Twins & Otherness At Milan Fashion Week: Gucci & Sunnei
What’s better than one cover girl? Two cover girls…or something like that. It is unsurprising that, in the fashion industry, designers have similar ideas to one another. That’s how we’ve ended up with so many goth-inspired collections this fashion month, especially given the state of the world in recent times. However, sometimes the minds of designers seemingly connect telepathically, and an obscure idea ends up together simultaneously. At Gucci and Sunnei’s Spring 2023 shows, that would be the idea of the twin.
One of the most hotly anticipated shows of any Milan Fashion Week is Alessandro Michele’s Gucci, and this show certainly lived up to some expectations and subverted others. Moments before the show commenced, an email from Gucci announced “Welcome to Twinsburg” and then out came 68 pairs of twins onto the runway - not an easy task to pull off strategically. This isn’t the first time we have seen Michele utilise twins. Earlier this year at the 2022 met gala, Michele and Jared Leto arrived on the red carpet in matching looks, even down to their hairstyle. It was only last month that Gucci referenced the infamous twins from The Shining as part of their Stanley Kubrick collection. But, where has this inspiration come from? “I am the son of two mothers,” the show notes stated, Michele’s mother was a twin herself.

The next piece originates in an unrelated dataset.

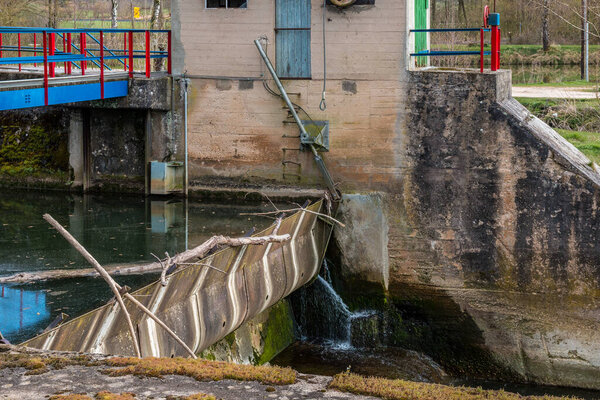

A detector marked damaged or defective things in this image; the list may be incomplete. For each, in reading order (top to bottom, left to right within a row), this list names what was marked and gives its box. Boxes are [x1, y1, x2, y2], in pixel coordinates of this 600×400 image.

rusty metal gate panel [23, 202, 330, 358]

Just hours after the Gucci show, Sunnei unveiled their array of twins (how many pairs of twins exist in the modelling world?!). Whilst the Gucci show felt like a classic runway, Sunnei was performative art. As the first twin shuffled themselves from the row of seats and onto the runway and posed, another twin was waiting in the wings with a different look. Twin number one walked towards a white revolving door and out came twin number two. Of course, Sunnei’s Simone Rizzo wasn’t overly pleased that their idea was identical (yes, a pun) to Gucci's, “We’ve been working on our concept for months on end, and getting the twin casting right was quite the nightmare,”.
Images: Filippo Fior
While they may say their ideas aren’t similar, they both share a common thread. The idea of otherness in fashion. “Clothes are not enough,” said Michele, “When we are many, we are much stronger,”, a note of hope in a global atmosphere of tension. “It’s a metaphor of how fashion can act as a transformative force, which is as magical as it is utterly crazy,”, said Sunnei’s designers. With intricate commentary on politics both within the fashion world and the world in a larger sense, both of these shows made an impact. And, has me asking the question ‘how on earth did they manage to cast so many twins?’.